Image-caption web data:
┏━━

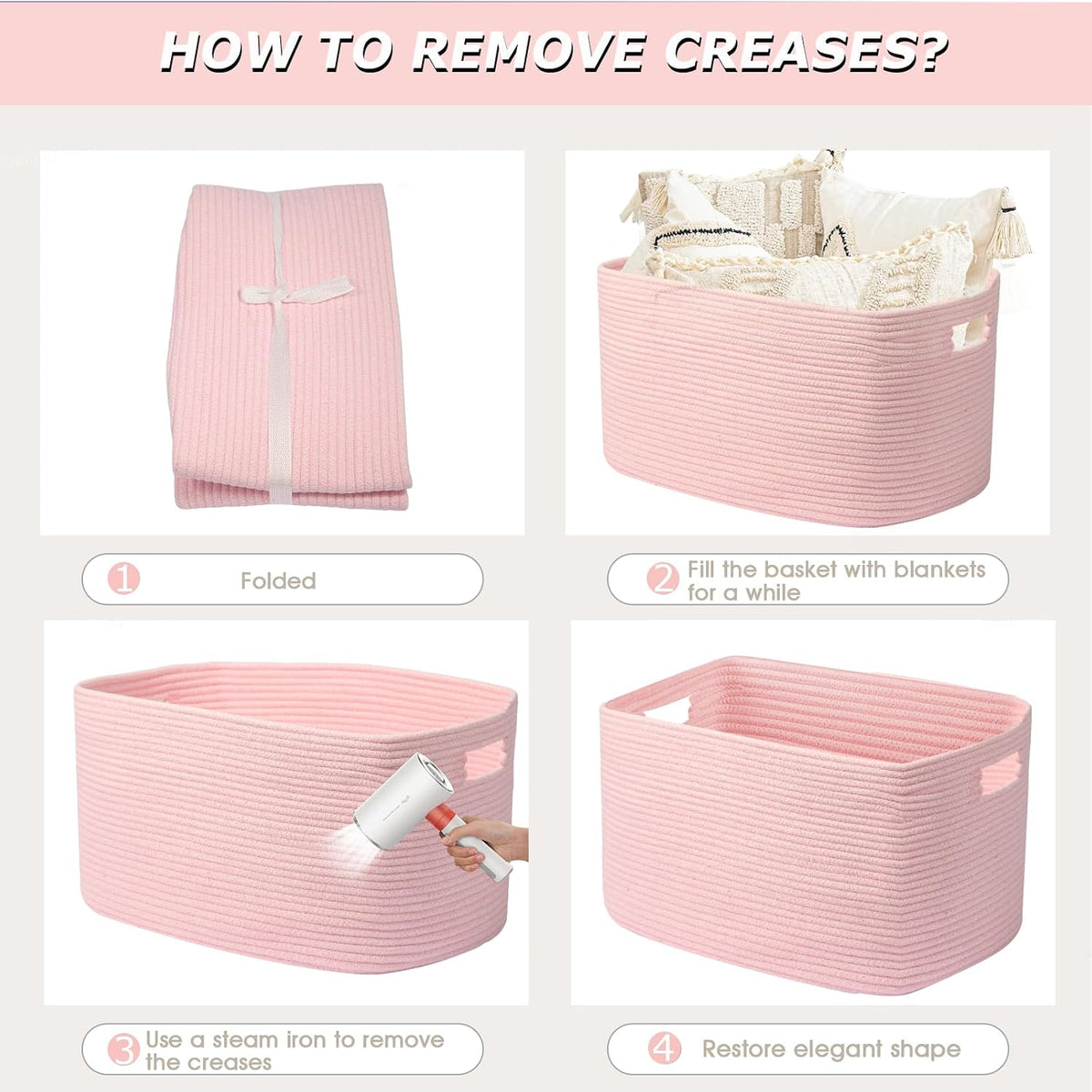 75L Large Woven Storage Basket, Pink Cotton Rope Laundry Hamper with Handles, 22”x17”x12” Rectangle Blanket Basket for Toys, Clothes, Pillows, Nursery and Living Room,Shelf Basket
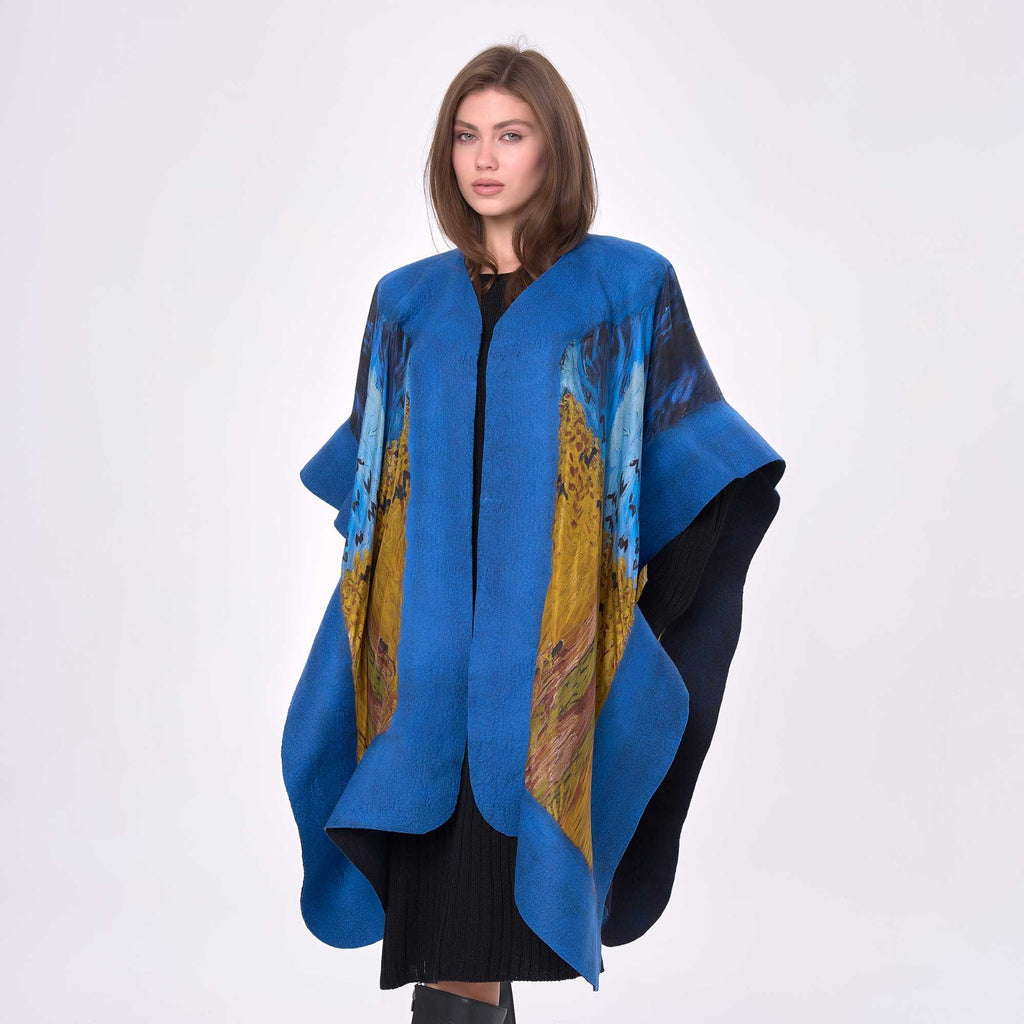 Felted silk poncho "Wheatfield with Crows"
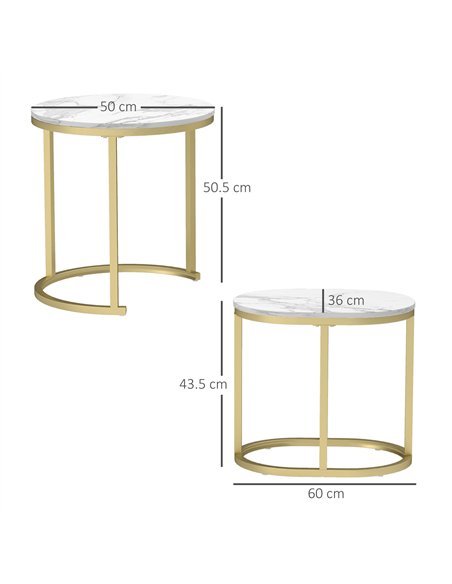 HOMCOM Marble-Effect Nest of Tables - Gold Tone/White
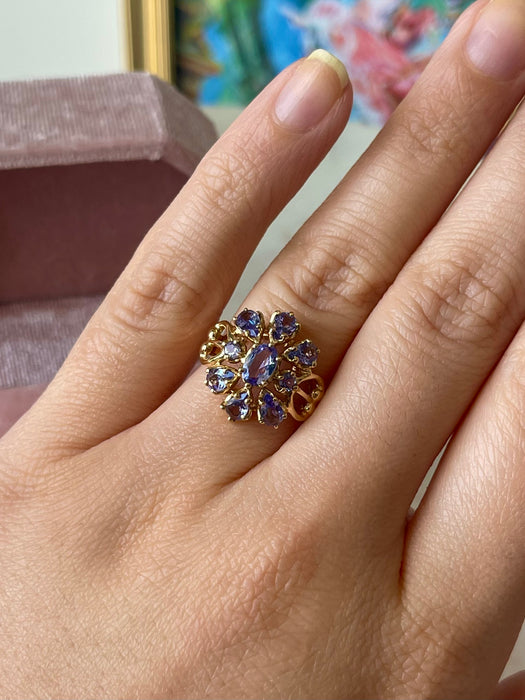 10k Tanzanite Cluster Ring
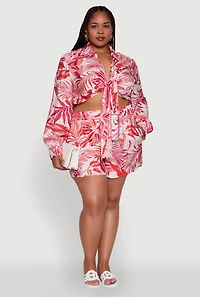 Womens Plus Size Tropical Floral Tie Front Long Sleeve Crop Top, Red, Size 3X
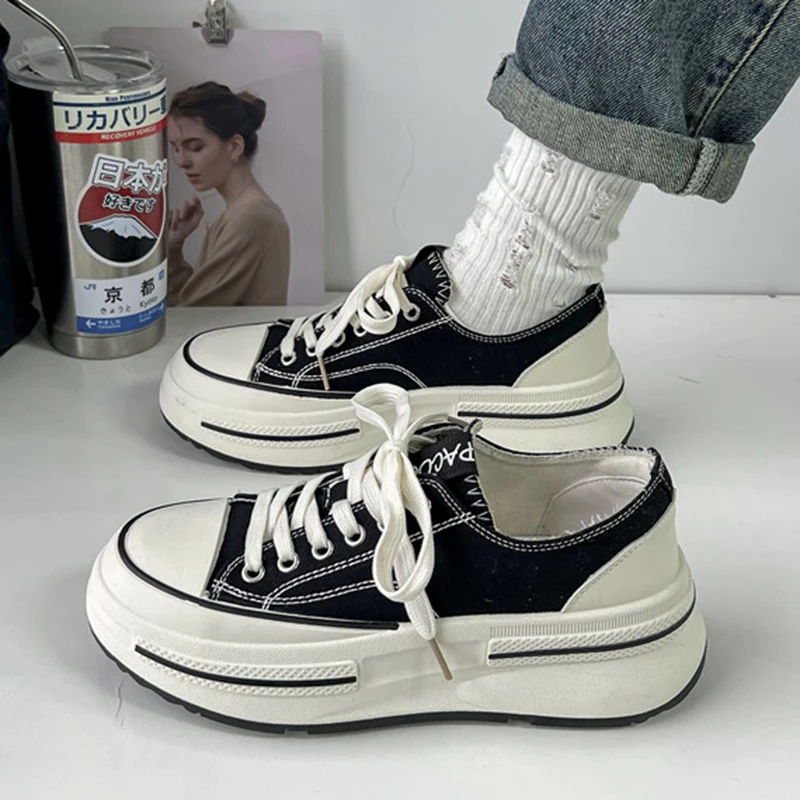 Кеды женские холщовые винтажные кроссовки на платформе шнуровке Повседневная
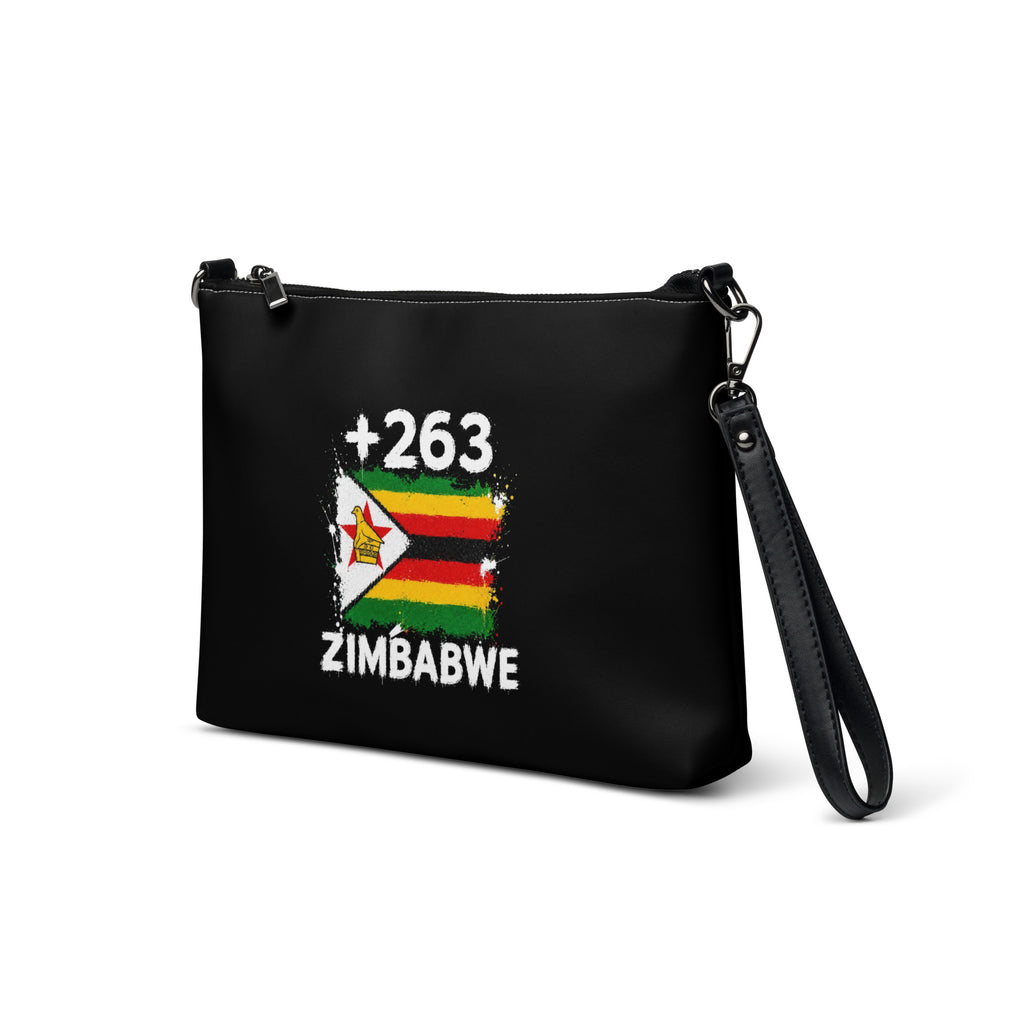 Sac à Main Zimbabwe +263 - Noir avec drapeau floqué effet éclaboussure de peinture - vue de trois-quarts gauche - Indicatif Fier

┗━━

- **Exercise brief**: The answer should contain only the lines from the start of the records above through the line with "HOMCOM Marble-Effect Nest", copied exactly, and no pictures.

- **Expected answer**:
 75L Large Woven Storage Basket, Pink Cotton Rope Laundry Hamper with Handles, 22”x17”x12” Rectangle Blanket Basket for Toys, Clothes, Pillows, Nursery and Living Room,Shelf Basket
 Felted silk poncho "Wheatfield with Crows"
 HOMCOM Marble-Effect Nest of Tables - Gold Tone/White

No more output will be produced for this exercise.